• **ABOUT THIS TASK**
Write out exactly the lines from the one containing "6일 오후 인천시 미추홀구" to the end of the material, both ends included, and nothing else. Leave pictures out.

■ ■ ■ ■ ■ ■ ■

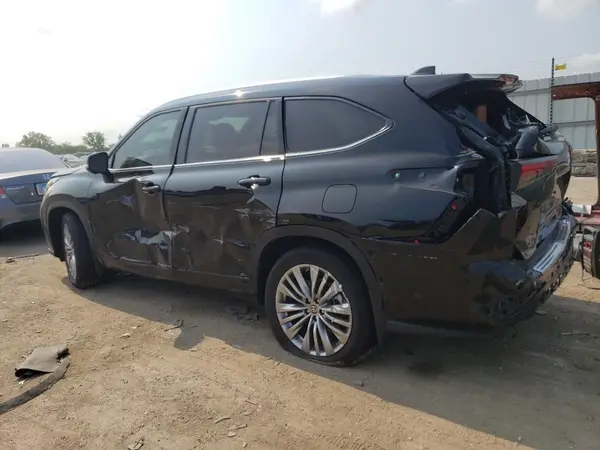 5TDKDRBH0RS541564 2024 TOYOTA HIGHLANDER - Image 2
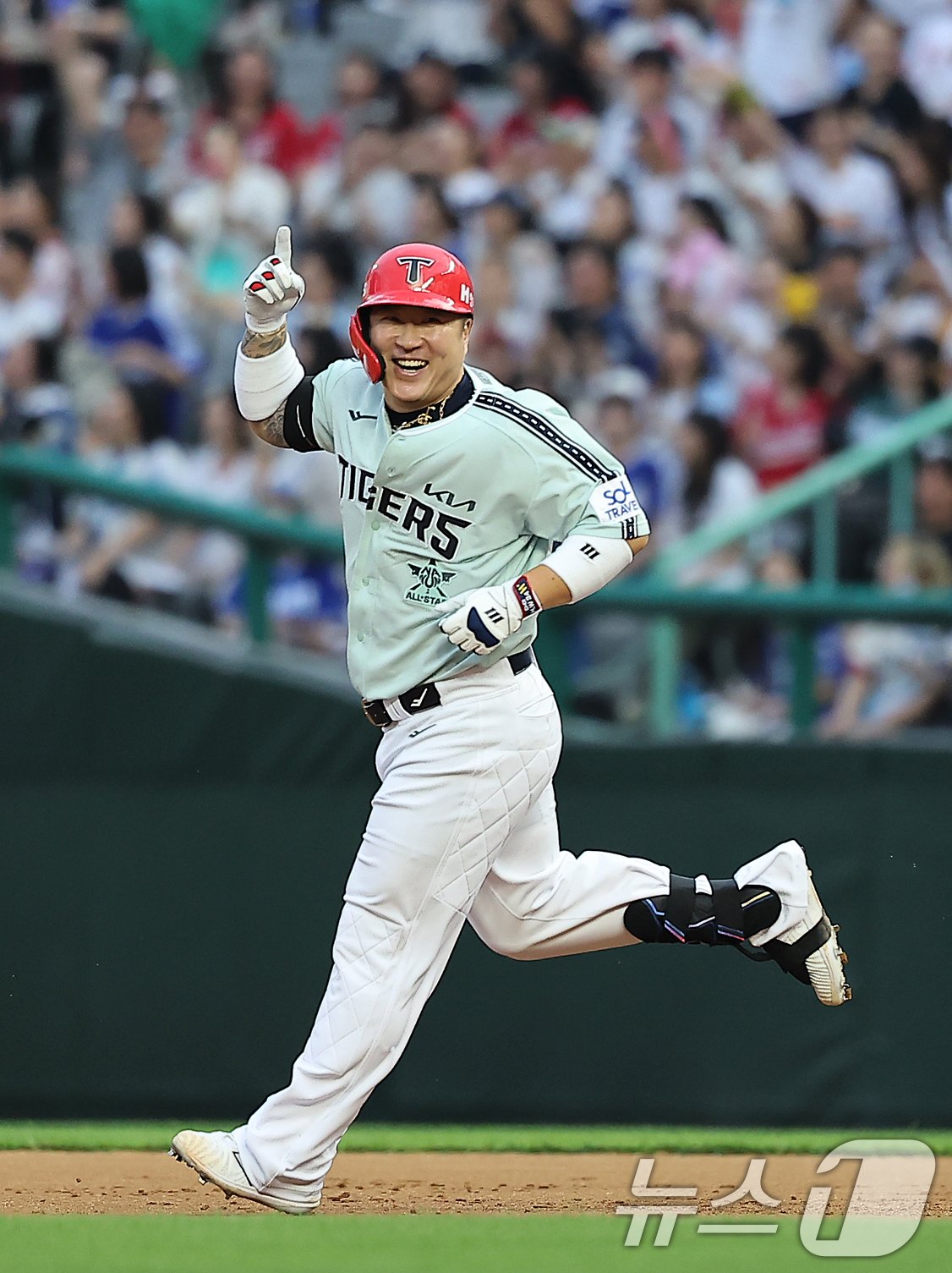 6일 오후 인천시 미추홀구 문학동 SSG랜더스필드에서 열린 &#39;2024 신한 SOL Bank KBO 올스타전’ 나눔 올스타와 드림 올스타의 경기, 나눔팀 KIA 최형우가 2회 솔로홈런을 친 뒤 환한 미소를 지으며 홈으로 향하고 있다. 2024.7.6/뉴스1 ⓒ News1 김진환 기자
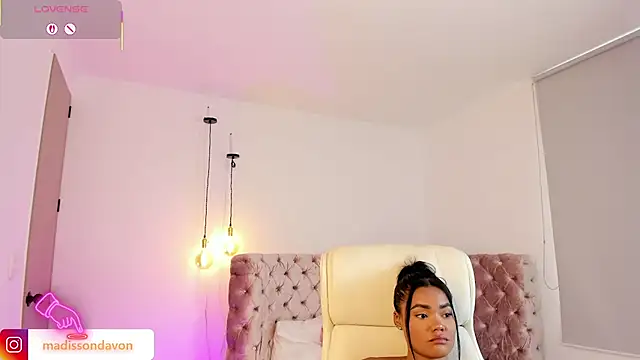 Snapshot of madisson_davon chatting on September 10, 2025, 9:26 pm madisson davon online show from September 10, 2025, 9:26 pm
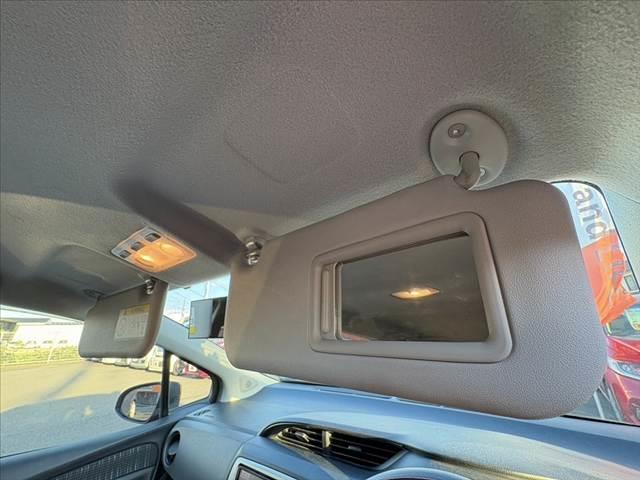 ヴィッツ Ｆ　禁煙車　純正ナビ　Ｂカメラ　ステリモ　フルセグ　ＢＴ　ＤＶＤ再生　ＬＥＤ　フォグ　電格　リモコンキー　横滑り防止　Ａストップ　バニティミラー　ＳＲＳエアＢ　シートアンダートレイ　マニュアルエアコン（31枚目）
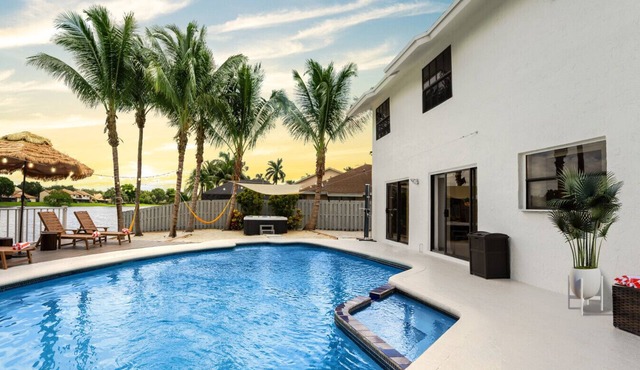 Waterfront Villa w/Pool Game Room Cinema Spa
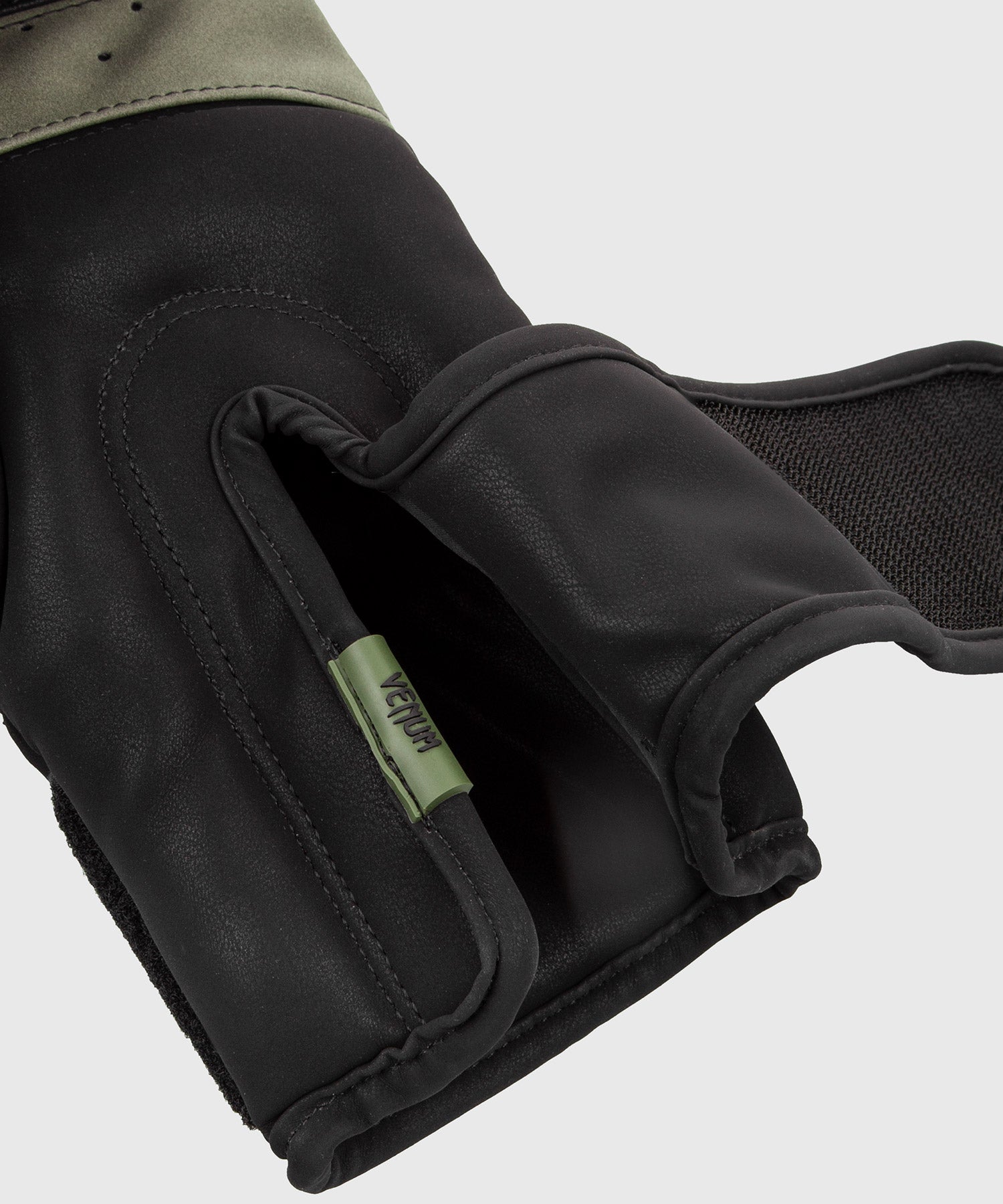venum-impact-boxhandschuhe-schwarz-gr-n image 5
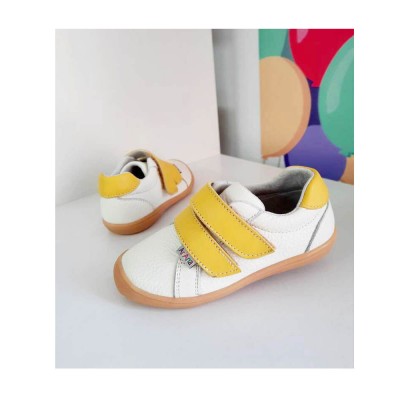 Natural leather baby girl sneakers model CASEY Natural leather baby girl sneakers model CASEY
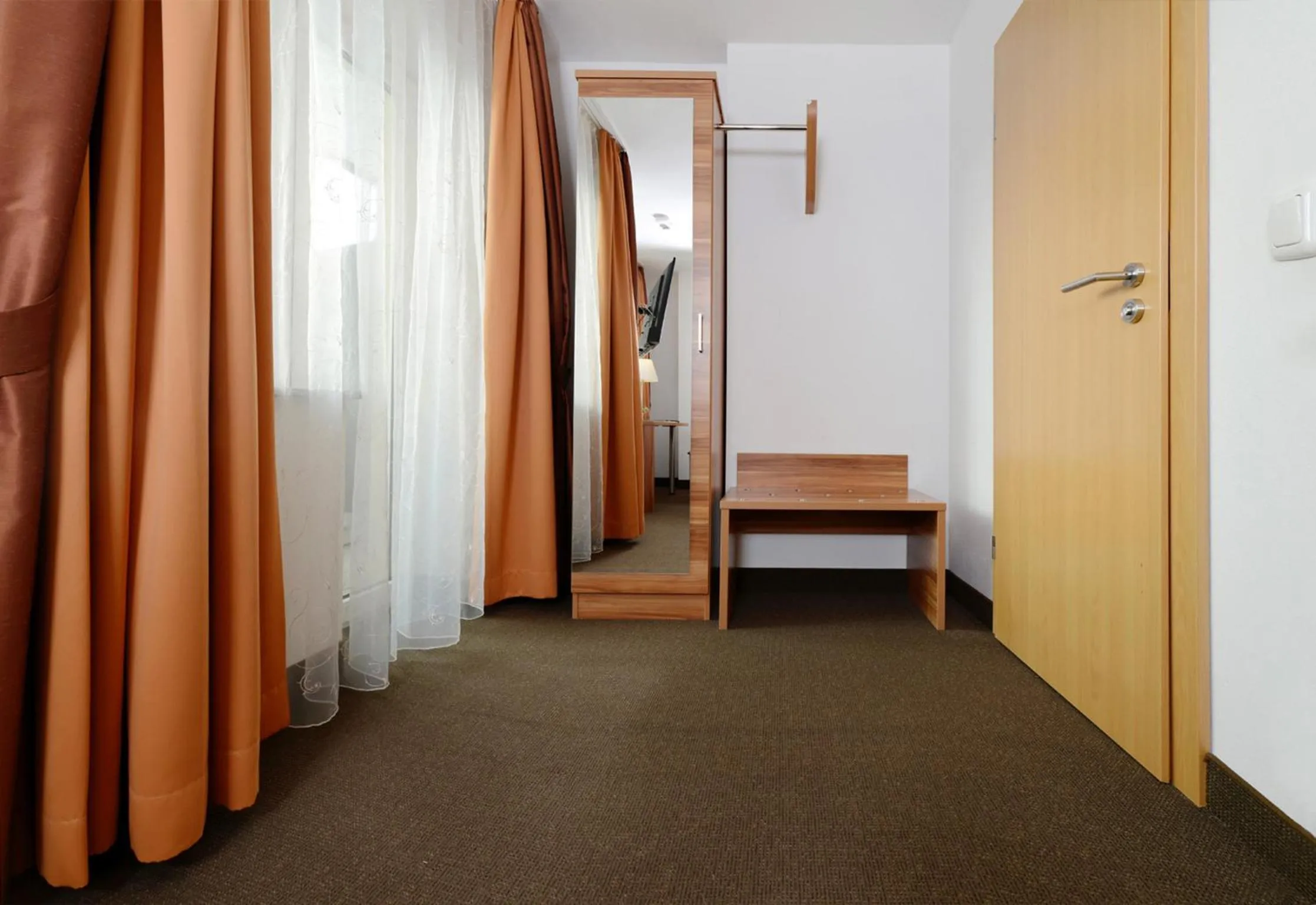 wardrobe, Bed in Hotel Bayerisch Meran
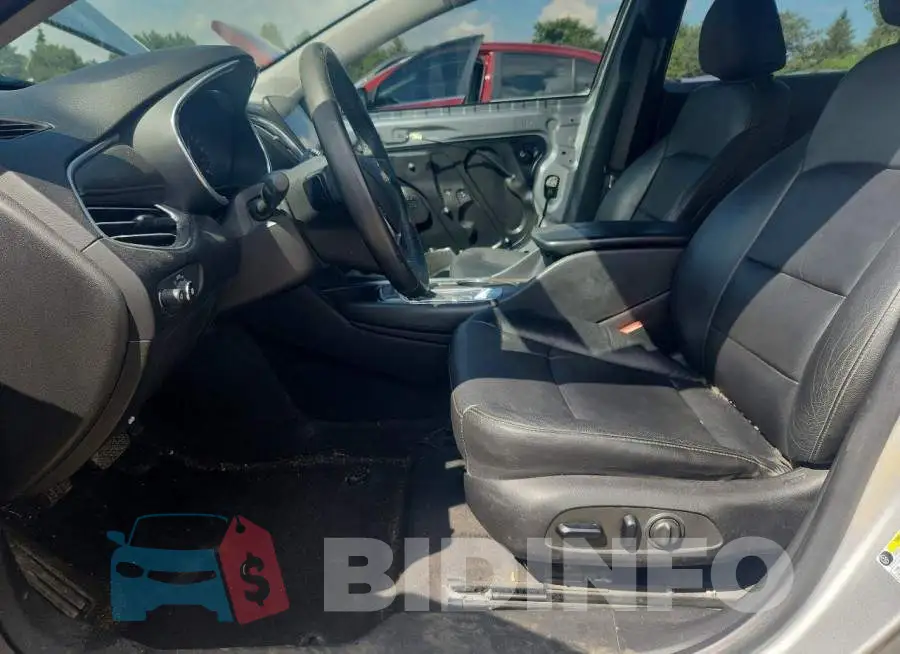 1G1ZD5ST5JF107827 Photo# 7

■ ■ ■ ■ ■ ■ ■

• **TASK RESULT**
 6일 오후 인천시 미추홀구 문학동 SSG랜더스필드에서 열린 &#39;2024 신한 SOL Bank KBO 올스타전’ 나눔 올스타와 드림 올스타의 경기, 나눔팀 KIA 최형우가 2회 솔로홈런을 친 뒤 환한 미소를 지으며 홈으로 향하고 있다. 2024.7.6/뉴스1 ⓒ News1 김진환 기자
 Snapshot of madisson_davon chatting on September 10, 2025, 9:26 pm madisson davon online show from September 10, 2025, 9:26 pm
 ヴィッツ Ｆ　禁煙車　純正ナビ　Ｂカメラ　ステリモ　フルセグ　ＢＴ　ＤＶＤ再生　ＬＥＤ　フォグ　電格　リモコンキー　横滑り防止　Ａストップ　バニティミラー　ＳＲＳエアＢ　シートアンダートレイ　マニュアルエアコン（31枚目）
 Waterfront Villa w/Pool Game Room Cinema Spa
venum-impact-boxhandschuhe-schwarz-gr-n image 5
 Natural leather baby girl sneakers model CASEY Natural leather baby girl sneakers model CASEY
 wardrobe, Bed in Hotel Bayerisch Meran
 1G1ZD5ST5JF107827 Photo# 7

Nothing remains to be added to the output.